Okay, as a restaurateur you may know that a well presented menu is important. The importance is beyond just being professional and neat though. The way in which your menu is designed, presented and what's on it can often be just as important the food you're preparing in determining what your customer orders.
With the rising popularity of third party review sites, more and more customers are exposed to your menu and making purchase decisions long before they see your illustrious fit-out or state-of-the-art website. A well designed, well thought out menu could be the difference between a busy restaurant humming at dinner hour and the sounds of what was supposed to be background music as the big feature. With this in mind, it makes sense to spend the time to create a menu that appeals to your customers and encourages them to order and return more. To provide some assistance, we've compiled a list of useful tips for creating a new menu from scratch or reviewing your existing menu to help it become more profitable.
Think outside the page
The first thing to consider when creating or redesigning your menu is that it should be an extension of your style and the atmosphere of your restaurant, rather than a business proposal-like document. There are so many alternatives to plain pages, take a look around your space, what textures and themes do you see? You've obviously created this space because you like how it looks, so follow this same instinct when designing the look of your menu. Find fonts that appeal to you for the same reason you picked the couch in the front corner, choose paper that resembles the wallpaper you searched for weeks trying to find, or print your menus on the same timber your benches are made from. By doing this you'll create flow, consistency and a menu that surprises your customers and looks like it belongs.
Minimise to maximise
If you own a busy restaurant and your menu is the size of a short novel, or a small cafe with a menu that looks like a flip book, there's a chance you're overwhelming customers and creating more work for your staff than necessary, resulting in less profit. A recent study from Bournemouth University in England revealed the optimal number of main course choices is ten, along with seven starter and dessert options. For a busy cafe this will be significantly less, due to the time people are spending in your cafe and the space you have to work in.

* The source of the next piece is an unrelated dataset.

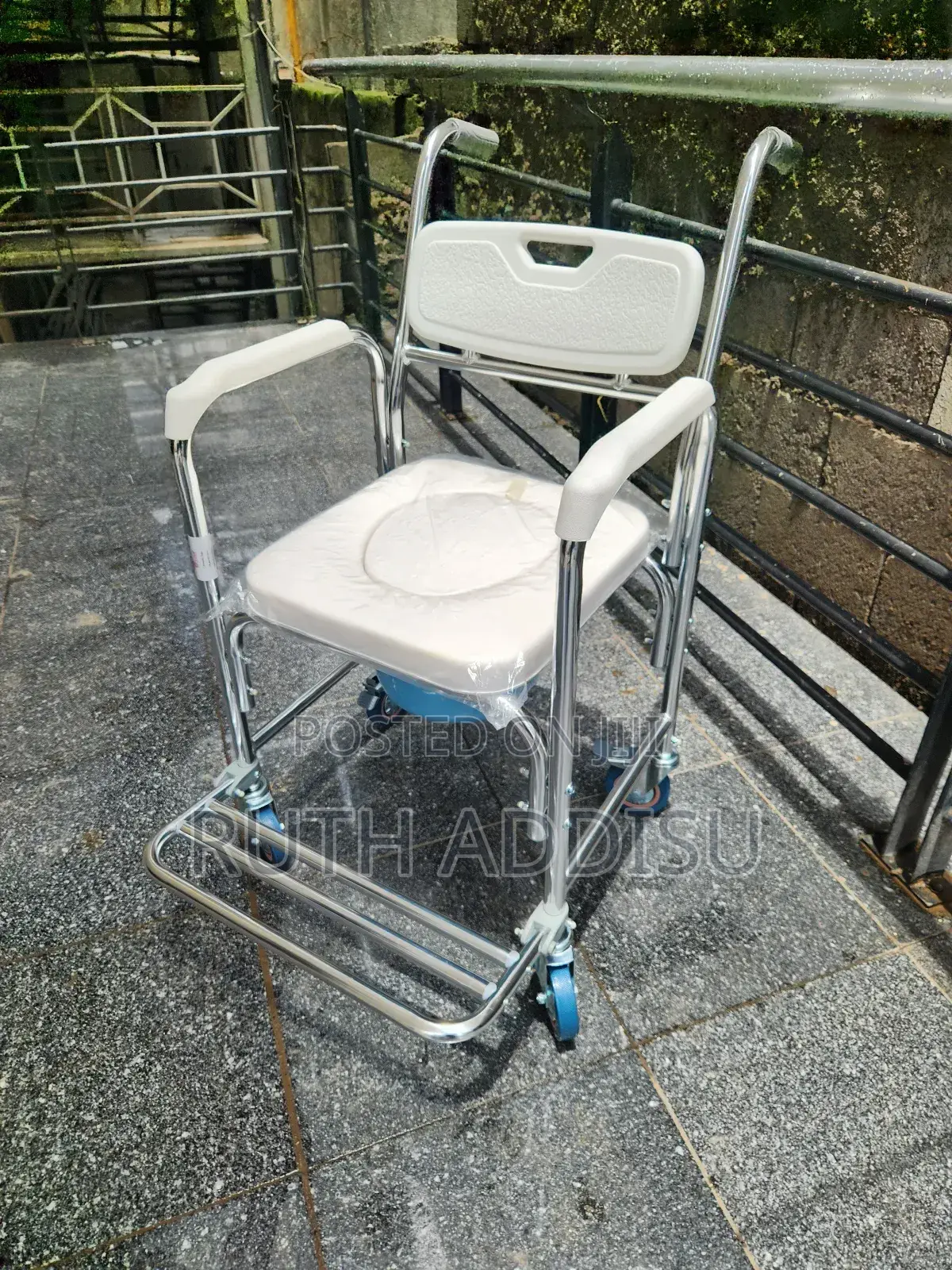 Wheelchair Commode吞併commode Wheelchair重大commode Wheelchair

Current cafe trends are moving towards a maximum of one page that can be quickly scanned, with a small variety of options to suit a range of tastes. Reducing the overall size of your menu means your customers will spend less time deciding what to eat and more time actually eating, which allows for a faster customer turnover and therefore increased revenue opportunity.
Having a smaller menu also reduces risks of food wastage arising from trying to cater to too many options. It also gives your staff the opportunity to refine the smaller number of dishes, providing your diners with an even better, tastier experience.
Keep it fresh
With less options, frequent customers may work their way through your menu much quicker, but this can be used as an opportunity to keep things fresh and provide an incentive for frequent visits. Update your smaller menu regularly with in-season produce and your diners will thank you. Re-create old favourites and build hype around their return to the next menu. This process also allows you to connect with customers about the ingredients, telling them why you've changed the menu and why they will love the new additions. A dynamic menu like this gives your kitchen staff variety and allows them to be creative with the available produce, meaning you will always be at the cutting edge of cafe food trends.
Frequent menu updates
Embarking on the process toward creating a profitable menu is unfortunately not a one hit wonder. For your menu to remain profitable, you will need to scrutinise it regularly. Determine your most profitable, bestselling items and give them extra life, while trimming the fat with dishes that are unpopular. A dish may also be popular but not profitable in which case you will need to consider the value served by that menu item in attracting customers and look at ways to create add on sale opportunities.
There is more to design than just looking pretty
Restaurant menu design is about more than just visual appeal, it's also about influencing the purchases of your customers to buy dishes that make you more money. Here are a few ideas to consider:
- Highlighting profitable items - Draw attention to items you want to sell more of with simple highlights or even putting those items on the menu in a box of their own.
- Don't show the dollar sign - Studies such as this have shown that removing a dollar sign from your pricing can lead to higher customer spend.
- Placement of items - The first and last items in a category are the most likely to sell. Make sure you have your best performers sitting there.
We've only touched on a few ways to increase the profitability of your menu or start off on the right foot with a customised menu that provides you with the most revenue opportunities. Ultimately though, a successful menu is an ongoing process and requires a keen eye on your cost of ingredients and margins, and listening to what your staff and your customers have to say.